Wednesday, September 14, 2005

Irreplaceable

I guess it speaks to my misanthropic tendencies to admit that the closest I've come to crying in the (I'm drawing a blank trying to come up with a less over-used word than "wake", "aftermath", or "devastation") of Katrina is in reading about the loss of decades of research data and thousands of laboratory animals. I realize of course that everything they were working on can be restarted, although some of the studies involved covered decades, and that the people lost can't be restarted as easily. Maybe I can appreciate data loss more because I'm closer to information than I am to people, or maybe it's just that the loss is easier for me to wrap my mind around than the human cost.

I've tried to refrain from joining in the pundit-party surrounding this Kat 5 deal, but one more of us isn't going to hurt. I'm getting tired of hearing about how long the response of FEMA took, because frankly it's just a smokescreen preventing people from asking the hard questions. Yes, the federal help could have come faster; yes, red tape prevents numerous obvious things from being done; yes, FEMA is run by people who are even less qualified to lead than the Bush administration itself; naturally the gross incompetence and terrifying inefficiency that characterizes practically everything the Department of Homeland Security stands for was laid naked for even the most obtuse observers to see.
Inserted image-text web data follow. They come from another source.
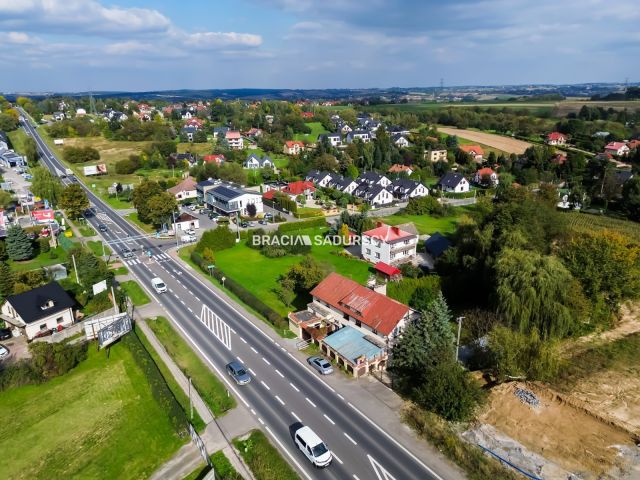 dom wolnostojący, 6 pokoi Bibice, ul. Warszawska. Zdjęcie 14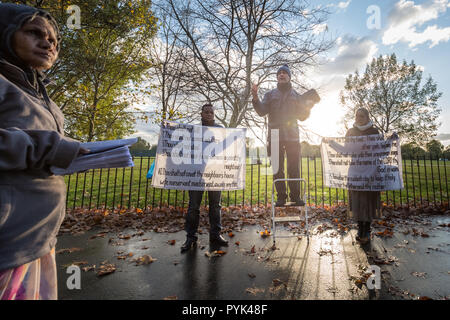 London, Großbritannien. 28. Oktober, 2018. Predigt und Debatten an Speakers' Corner, das öffentliche Sprechen nord-östlichen Ecke des Hyde Park. Credit: Guy Corbishley/Alamy leben Nachrichten Stockfoto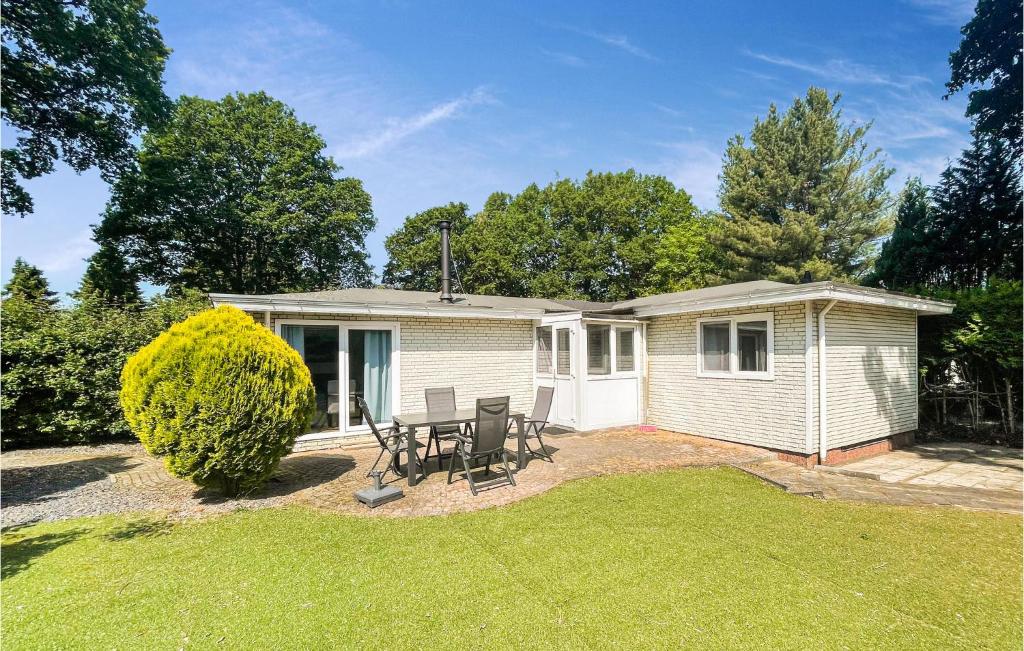 Lovely Stacaravan In Putten With Wifi, Putten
However, in my humble (yeah, right) opinion, none of these things are central to the problem at hand.

What I'm angry about is not the timeliness or organization of the reaction; it's the total lack of foresight at all levels of government for what happened to New Orleans. Everyone had access to the obvious information that (1) the city was below sea level and sinking, (2) the levee system was not designed to handle greater than a moderate hurricane-level storm surge, (3) the only evacuation routes from the city were likely to be severely disrupted, and (4) in the best case evacuation scenario, thousands of people would, for a variety of good and dubious reasons, fail to get out of harm's way. The problem was that few people in power (and I use the term loosely here, as the distribution of discretionary authority in this country is one of the Constitutional and bureaucratic quirks we live with) acted proactively on this information.

Granted, before 9/11, the general public was blissfully unaware of the vulnerability of our urban centers and the fragility of our infrastructure. Now, after sacrificing billions of dollars, and priceless Constitutional liberties, we're no better off than we were before. If we can't handle one little storm with 72 hours' advanced notice, imagine what would've happened if some Al Qaeda operative had invested a couple of thousand dollars in pipe bombs and set it off at the bases of one of the levees. It's not a pleasant picture, but after the last couple of weeks, it's one we can at least begin to fathom.

Of course, they wouldn't stop at just one city's worth. It would much more likely be a simultaneous attack in six or eight places, each calculated to cripple the first responders' ability to respond first. It's taken us two weeks to get a handle on this (local) crisis, using every possible response mechanism from all over the country. Imagine if a series of attacks of this (moderate) scale were coupled with explosions on a few critical interstate cloverleaves, knocking out Atlanta, Chicago, Houston, Los Angeles, etc. If you think the Katrina response was a debacle, you'd best think again.

I'm not even going to bother pointing out that if anything even quasi-atomic had gotten loose, we'd have the problem of quarantining a city of half a million people. If everyone is irradiated, there's no herding them into stadiums or sheltering them in other parts of the country. We would've had to station armed guards everywhere to shoot all Cajuns on sight. I'm wondering what the trillions of dollars spent on Cold War preparedness bought us in terms of our ability to clean up a real mess.